Будда Шакьямуни — Шицзямуни занимает центральную позицию в пантеоне раннего китайского буддизма низовых форм. Но если среди ревнителей учения его почитают прежде всего как Первоучителя, открывшего миру Четыре благородные истины и Путь к спасению, то в среде основной массы верующих он определенно обожествляется, приобретает устойчивые признаки божественной персоны. Сама конфессиональная принадлежность буддиста-мирянина определяется краткой словесной формулой «чтил Будду», «поклонялся Будде», «уверовал в Будду». Отсутствие таковой конфессиональной принадлежности маркируется теми же терминами, но, конечно же, с противоположным знаком: «не чтил Будду», «не веровал в Будду». Всесилие Будды непререкаемо для правоверного мирянина; профан же, усомнившийся в могуществе божества, а тем более посягнувший на него, горько раскаивается в своем неверии.

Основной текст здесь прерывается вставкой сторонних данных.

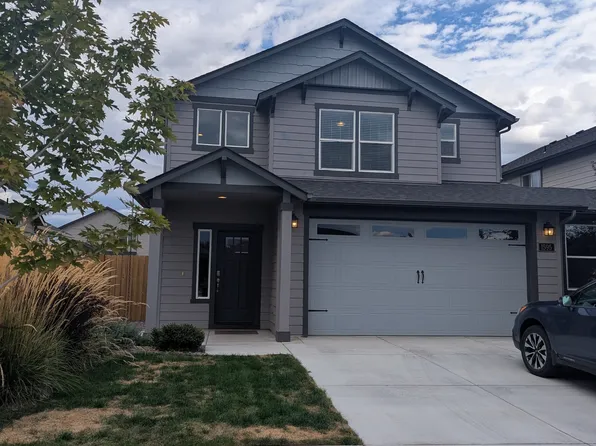 1595 NW Upas Pl, Redmond, OR 97756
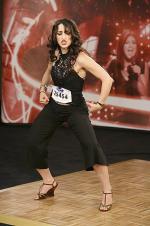 Американский идол: Поиск суперзвезды: 435x653 / 60 Кб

Бодхисаттва Авалокитешвара — Гуаньшиинь ранее неоднократно упоминался в связи с персонально посвященным ему классом сюжетов, к обзору которого мы и адресуем нашего читателя. Не будет лишним напомнить, что бодхисаттва Милосердия является если не самым почитаемым, то определенно самым популярным божеством в пантеоне раннего китайского буддизма.

Небесный Император — Тянь-ди фигурирует в единственном эпизоде, указывающем на то, что эта божественная персона занимает главенствующее положение в запредельном мире, причем осуществляет свою верховную власть, сообразуясь с буддийскими установлениями. Согласно индобуддийской традиции, Небесный Император является верховным властителем Тридцати трех небес — Трайястримша и однозначно идентифицируется с индийским Шакрой (Индрой). По традиционной же китайской версии Небесный Император отождествляется с высшим божеством китайского пантеона — Шанди — Верховным Владыкой. Единственный эпизод, лишенный точных указаний по идентификации божественной персоны Небесного Императора, не позволяет с уверенностью принять ту или иную версию. Но даже если правомерна вторая из них, то Небесный Император, или Верховный Владыка, приобретает несомненные буддийские признаки, становится божеством буддийского пантеона.

Всеблагой — Пусянь восходит к индобуддийскому прототипу Самантабхадре (другое имя: Вишвабхадра) — бодхисаттве, олицетворяющему первоосновы и истинность учения Будды и покровительствующему почитателям «Лотосовой сутры». Традиция Всеблагого — Самантабхадры также тесно связана с «Аватамсака-сутрой» и «Сутрой золотого блеска». В иконографии Всеблагой изображается на белом слоне, его непременный атрибут — лотос.

Будда Амитабха — Амитофо, или будда Беспредельного света, он же Амитаюс или будда Вечной (Беспредельной) жизни — центральное божество культа Страны Высшего счастья, или Чистой земли, провозглашенного в Трех сутрах: «Сутра украшений Страны счастья», «Амитабха-сутра», «Сутра созерцания Вечной жизни». Согласно давней и до настоящего времени преобладающей в буддологии точке зрения, образ Амитабхи несет на себе следы внебуддийского происхождения, содержит определенные элементы иранского влияния. Разумеется, эта точка зрения активно опровергается в апологетической, особенно японской, литературе, посвященной культу Чистой земли — наиболее популярному направлению буддизма на современном Дальнем Востоке. Персональные упоминания Амитабхи — Амитофо в коротких рассказах связаны с благостными видениями буддийских адептов, а также с райскими картинами, представшими им во сне или в состоянии религиозного экстаза.